* **ASSIGNMENT**
Omitting all images, set down every line below exactly as it appears.

* **DATASET SECTION**
********

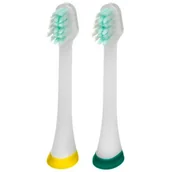 Końcówki do szczoteczek elektrycznych - Panasonic Końcówka szczoteczki EW0911W835 - miniaturka - grafika 1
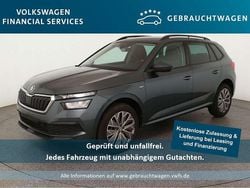 Quarzgrau metallic Gebraucht 2021 Skoda Kamiq Ambition SUV | 19.720 € (Guter Preis)
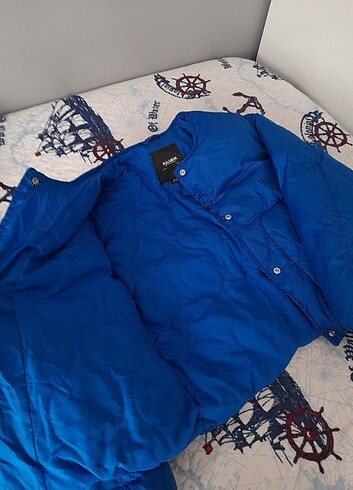 m Beden pull bear bomber ceket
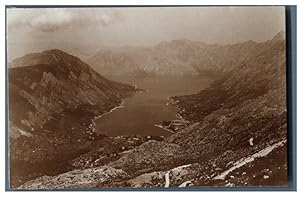 Monténégro, Baie de Cattaro (Kotor)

********

* **RESULT**
 Końcówki do szczoteczek elektrycznych - Panasonic Końcówka szczoteczki EW0911W835 - miniaturka - grafika 1
 Quarzgrau metallic Gebraucht 2021 Skoda Kamiq Ambition SUV | 19.720 € (Guter Preis)
 m Beden pull bear bomber ceket
 Monténégro, Baie de Cattaro (Kotor)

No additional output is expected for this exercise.